Run Model to Generate New Inferences

  1. Prepare your input and output data folders. The data/ folder in this repository contains some placeholder files to guide you.

    • The data/ folder must contain:
      • input/: input folder containing the tile imagery. This folder has the following naming convention: {dataset_id}_{tile_id}_{year}_{month}. For example, for a dataset_id (nasa_rwanda_field_boundary_competition), a tile_id (00) and a year (2021), we'll have the following structure:

            nasa_rwanda_field_boundary_competition_source_test_00_2021_03/
            nasa_rwanda_field_boundary_competition_source_test_00_2021_04/
            nasa_rwanda_field_boundary_competition_source_test_00_2021_08/
            nasa_rwanda_field_boundary_competition_source_test_00_2021_10/
            nasa_rwanda_field_boundary_competition_source_test_00_2021_11/
            nasa_rwanda_field_boundary_competition_source_test_00_2021_12/
        

        Notice that the months are fixed and have to be : ['2021_03', '2021_04', '2021_08', '2021_10', '2021_11', '2021_12'].

      • The output/ folder is where the model will write inferencing results.

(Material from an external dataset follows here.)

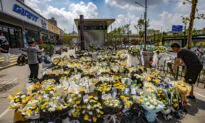 CCP Blocks People Mourning Dead Loved Ones in Zhengzhou, Detains Photographer and Mourner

  2. Set INPUT_DATA and OUTPUT_DATA environment variables corresponding with your input and output folders. These commands will vary depending on operating system and command-line shell:

    # change paths to your actual input and output folders
    export INPUT_DATA="/home/my_user/model_nasa_rwanda_field_boundary_competition_gold/data/input/"
    export OUTPUT_DATA="/home/my_user/model_nasa_rwanda_field_boundary_competition_gold/data/output/"
    export DATASET_ID="nasa_rwanda_field_boundary_competition"
  3. Run the appropriate Docker Compose command for your system

    docker compose up model_nasa_rwanda_field_boundary_competition_gold_v1
  4. Wait for the docker compose to finish running, then inspect the OUTPUT_DATA folder for results.

Understanding Output Data

Please review the model output format and other technical details in the model documentation.